Debatte um Sonntagsöffnungen: Experte warnt vor Leerstand
Sonntagsöffnungen: Experte warnt vor Leerstand

Neue Debatte um Sonntagsöffnungen nach Koalitionsbeschlüssen

Nach den Beschlüssen von Union und SPD ist in Deutschland eine neue Debatte um Sonntagsöffnungen entbrannt. In ihrem Koalitionsausschuss hatten Kanzler Friedrich Merz und die Spitzen der Koalition die Ausweitung der Öffnungszeiten von Bäckereien, Konditoreien und Bibliotheken beschlossen. Daraufhin forderte der Handelsverband Deutschland (HDE) erneut eine liberalere Handhabung bei den Schließzeiten an Sonntagen. Der Handelsexperte Johannes Berentzen sieht darin eine Chance gegen den zunehmenden Leerstand in Innenstädten, während die Gewerkschaft Verdi mit Klagen droht.

Rechtslage: Sonntagsschutz ist grundgesetzlich verankert

In Deutschland ist das Ladenschlussrecht Ländersache, sodass die Regelungen zwischen den Bundesländern variieren. Grundsätzlich dürfen Geschäfte an Sonntagen nicht beliebig öffnen. Die Länder erlauben nur eine begrenzte Anzahl von Sonntagsöffnungen, die meist an besondere Anlässe wie Stadtfeste, Märkte oder Messen geknüpft sein müssen. Das Bundesverfassungsgericht hat die Hürden hoch angesetzt: Sonn- und Feiertage genießen als Tage der Arbeitsruhe und seelischen Erholung besonderen Schutz. Sonntagsöffnungen müssen die Ausnahme bleiben und dürfen nicht allein wirtschaftlichen Interessen dienen. In Berlin etwa legt die Senatsverwaltung weniger verkaufsoffene Sonntage fest, als das Gesetz ermöglicht, um Konflikte mit Verdi zu vermeiden.

Handel fordert Freigabe des Sonntags

Der Streit über die strengen Regeln schwelt seit Jahren.

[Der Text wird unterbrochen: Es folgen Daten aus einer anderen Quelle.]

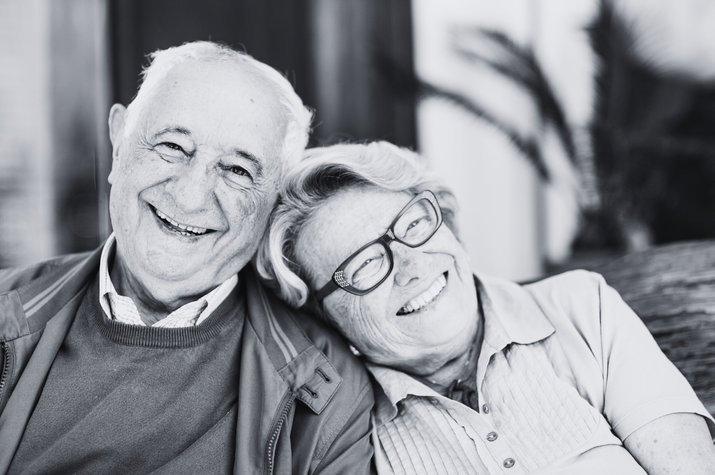 Black and white photo of a smiling older couple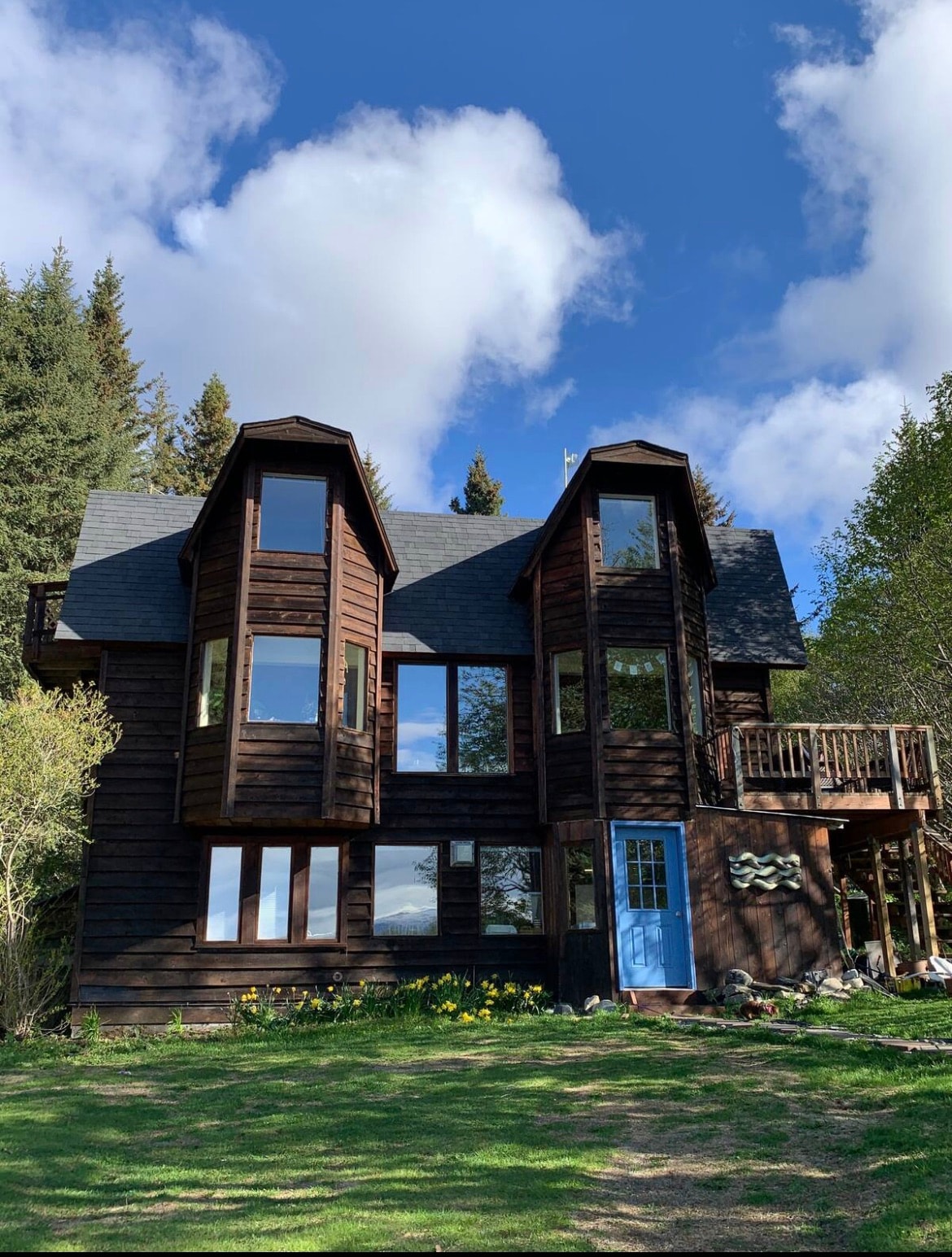 A two-story dark wooden house is surrounded by greenery, featuring multiple large windows that offer natural light. A blue door contrasts with the exterior, and a small balcony complements the architecture. The outdoor area includes a grassy lawn dotted with yellow flowers.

Kritiker bemängeln einen Wettbewerbsnachteil für den stationären Handel gegenüber dem Online-Handel. Nach dem Koalitionsausschuss forderte der HDE eine völlige Freigabe des Sonntags. HDE-Hauptgeschäftsführer Stefan Genth sagte: „Einkaufen ist auch Freizeiterlebnis. Daher setzen wir uns für Sonntagsöffnungen im Einzelhandel ein, um Innenstädte attraktiv und lebendig zu halten.“ Die Koalition hatte zuvor längere Sonntagsöffnungszeiten für Bäckereien (bis zu acht Stunden) und öffentliche Bibliotheken (bis zu sechs Stunden) beschlossen.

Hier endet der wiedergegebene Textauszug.